*** EXCERPTED RECORDS ***
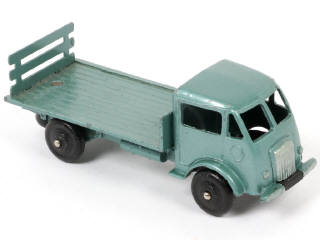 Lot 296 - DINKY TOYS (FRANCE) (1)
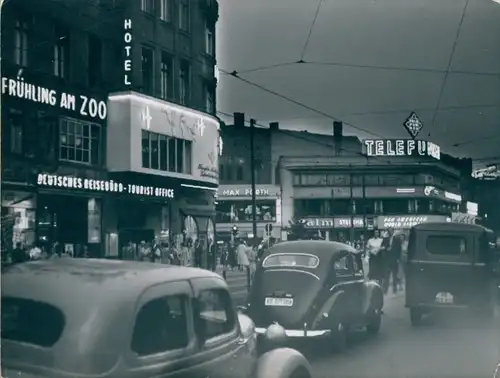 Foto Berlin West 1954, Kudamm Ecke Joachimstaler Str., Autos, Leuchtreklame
***
*** EXCERPTED RECORDS ***
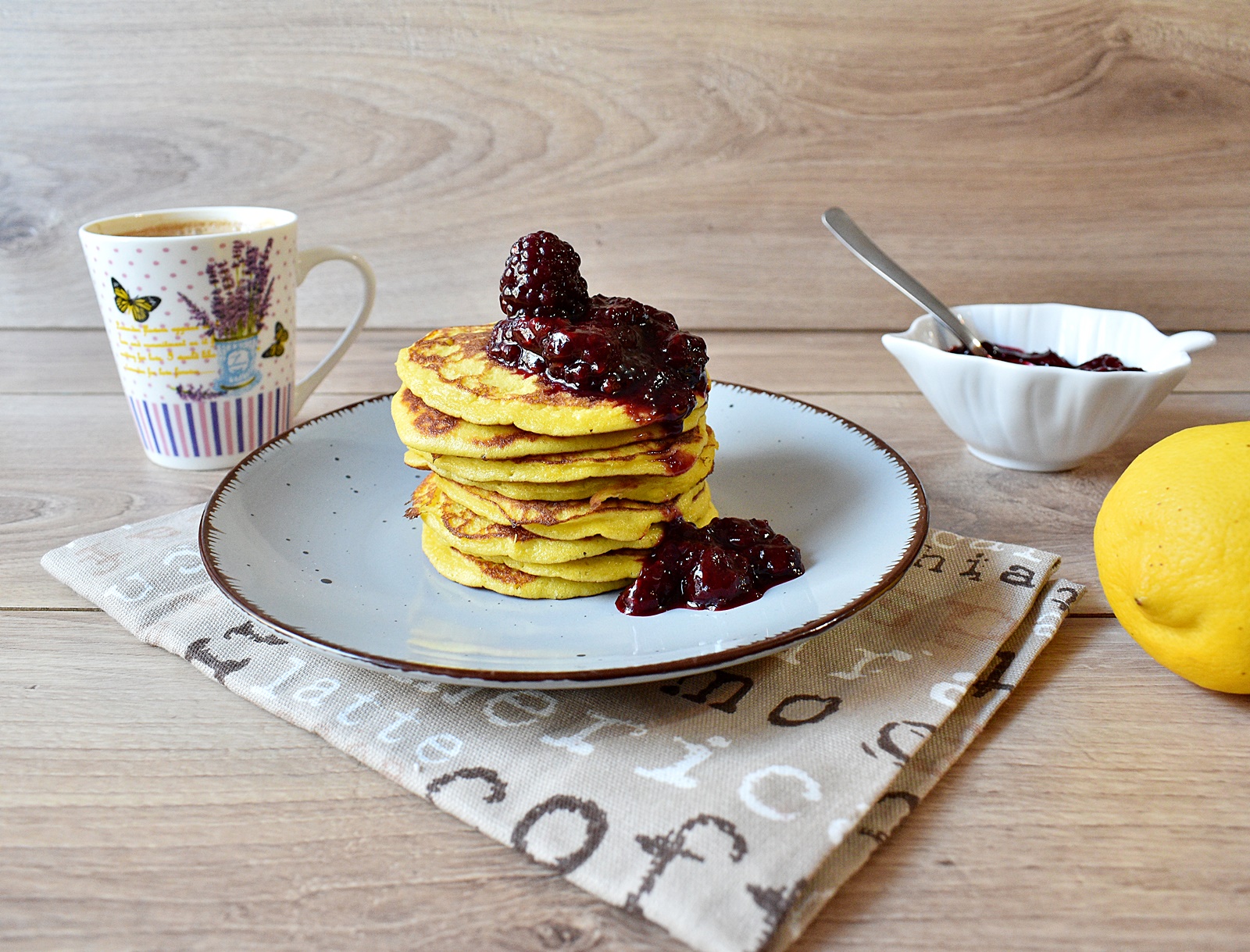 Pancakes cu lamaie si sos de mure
***
Working from the data above, repeat exactly, and only, the lines that begin at the line containing "Lot 296 - DINKY TOYS (FRANCE) (1)" and stop after the line containing "Foto Berlin West"; pictures are not copied.

 Lot 296 - DINKY TOYS (FRANCE) (1)
 Foto Berlin West 1954, Kudamm Ecke Joachimstaler Str., Autos, Leuchtreklame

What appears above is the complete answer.